Other companies have tried similar feats with mixed results, requiring complex and often unwieldy, asynchronous rebroadcasting solutions. Techies might note that chip maker CSR developed Bluetooth enabling technology for this feature more than a year ago, but most companies that hoped to include it in 2012 speakers couldn’t figure out how to make it work quite right. Soundfreaq took the time necessary to get the feature working well, and although it requires some modest audio quality compromises, those compromises are acceptable in a speaker at this price level and class. Most users will never notice them.
Left on its own, a single Sound Platform 2 can more than fill a small room with sound—reasonably well-balanced sound with enough bass and detail to sound significantly better than most $100 audio systems we’ve tested, particularly with UQ3 activated. But when two Sound Platform 2 units are paired, the audio impact is tremendous. At peak, they collectively put out enough sonic energy to fill a medium-sized room; at moderate levels, they place you dead center in the middle of what feels like a really good concert. Unlike dual AirPlay speakers, which would cost more but can be placed in two separate rooms, the Sound Platform 2 units can only be moved around a single room, but they’ll have a major impact in that room.
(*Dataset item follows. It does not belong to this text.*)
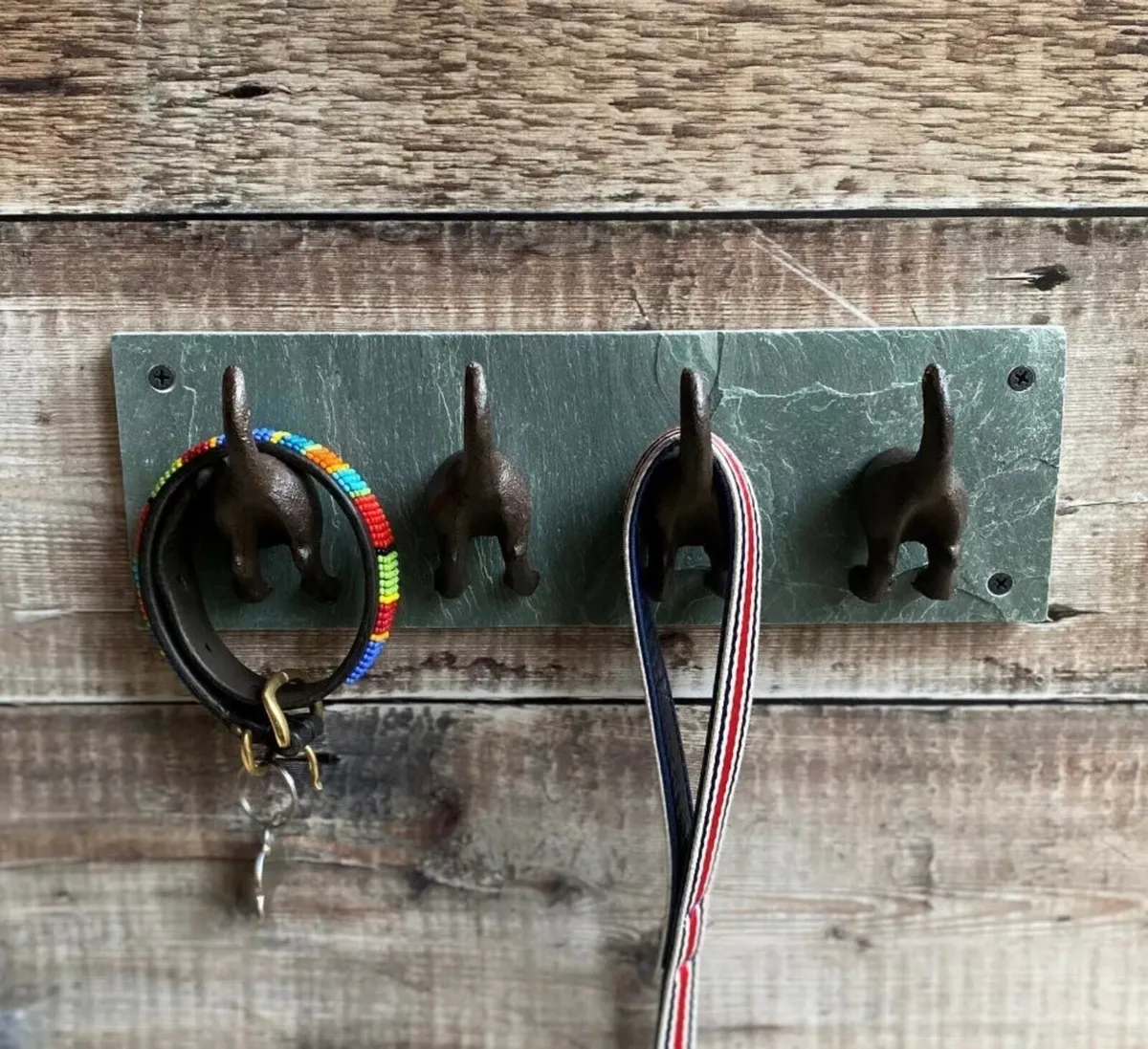 4 Dog Tails Coat Hooks Cast Iron & Slate NEW - Image 1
There’s only one hitch, which we discovered in the middle of our testing. If you use a single Sound Platform 2, or a twin Sound Platform 2 set exactly as described above, you shouldn’t expect to have any issues. However, if you pair your iOS device separately to two Sound Platform 2 units, and then activate DSS mode, a bug can cause noticeable audio distortion in both speakers—a problem Soundfreaq acknowledges and says can be fixed by de-pairing your iOS device from both units, then re-pairing with only one. Unless this bug is fixed in a subsequent firmware release, it effectively means that users can’t use twin Sound Platform 2 units separately in different rooms, then bring them together as needed, without a wireless reconnection hassle.